**Raw data:**
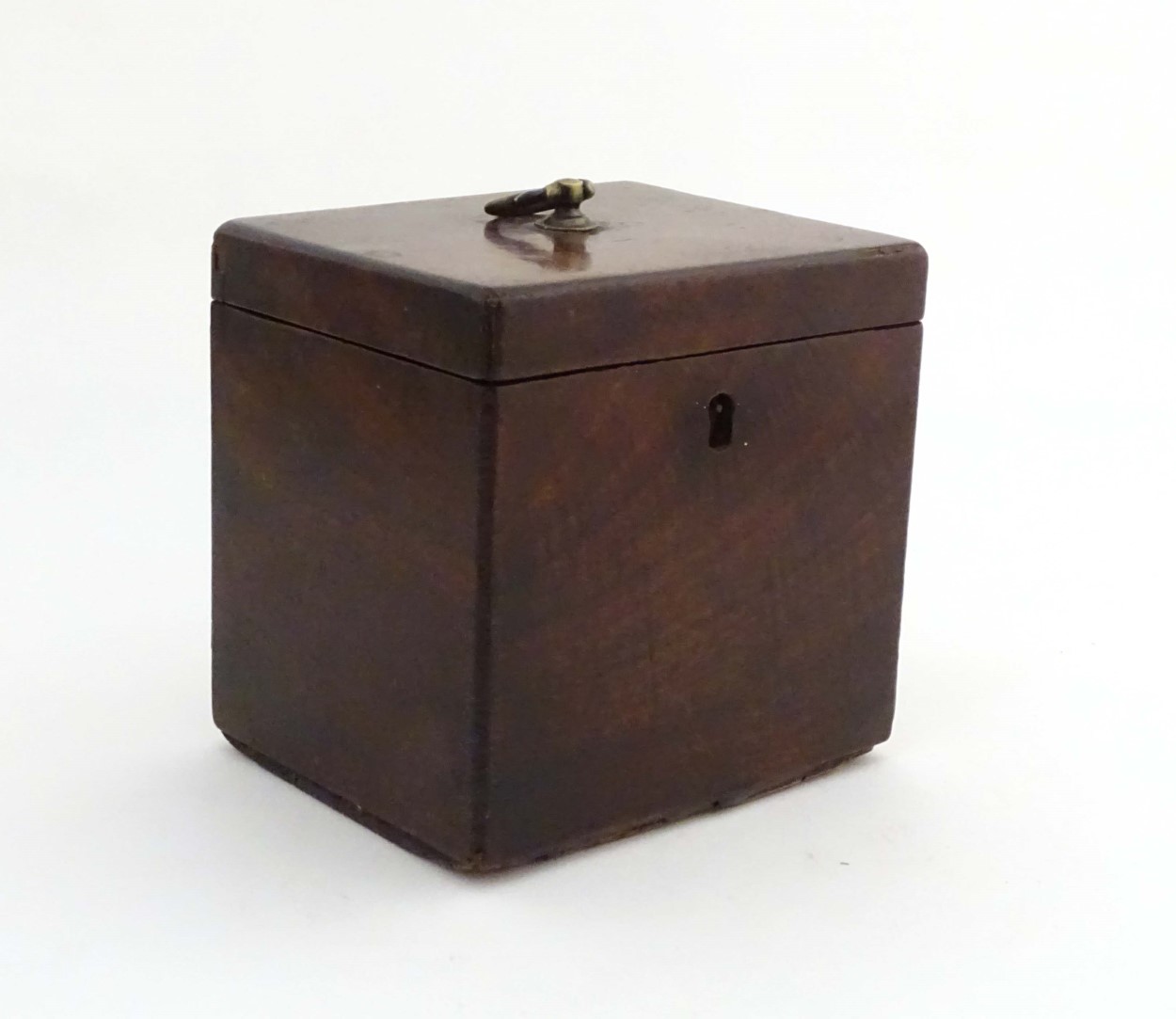 Georgian Tea caddy : An 18thC mahogany tea caddy having loop handle and opening to reveal tin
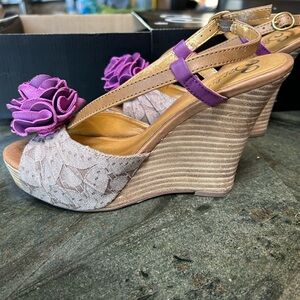 Seychelles Purple and Tan Platform Shoes with Elegant Floral Design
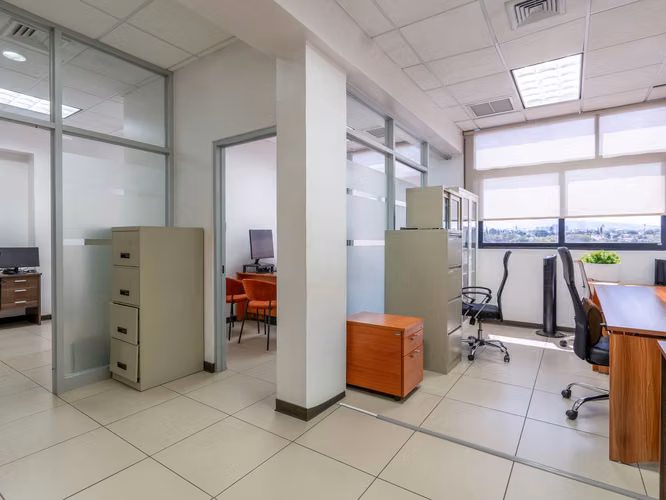 VENTA Y ALQUILER DE OFICINA EN SAN RAFAEL DE ESCAZÚ - Imagen 17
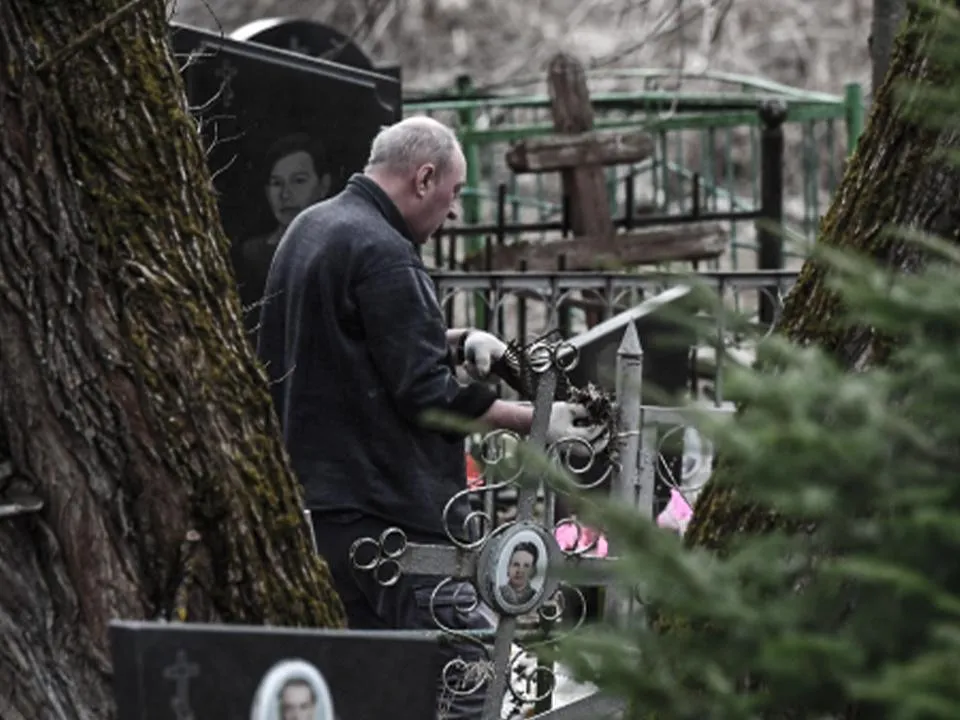 «Можно подхватить тревогу и депрессию»: эзотерик объяснила, какие могилы стоит обходить стороной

**Requirement:** Reproduce the material above exactly, first line through the line that contains "VENTA Y ALQUILER", minus the pictures.

**Answer:**
 Georgian Tea caddy : An 18thC mahogany tea caddy having loop handle and opening to reveal tin
 Seychelles Purple and Tan Platform Shoes with Elegant Floral Design
 VENTA Y ALQUILER DE OFICINA EN SAN RAFAEL DE ESCAZÚ - Imagen 17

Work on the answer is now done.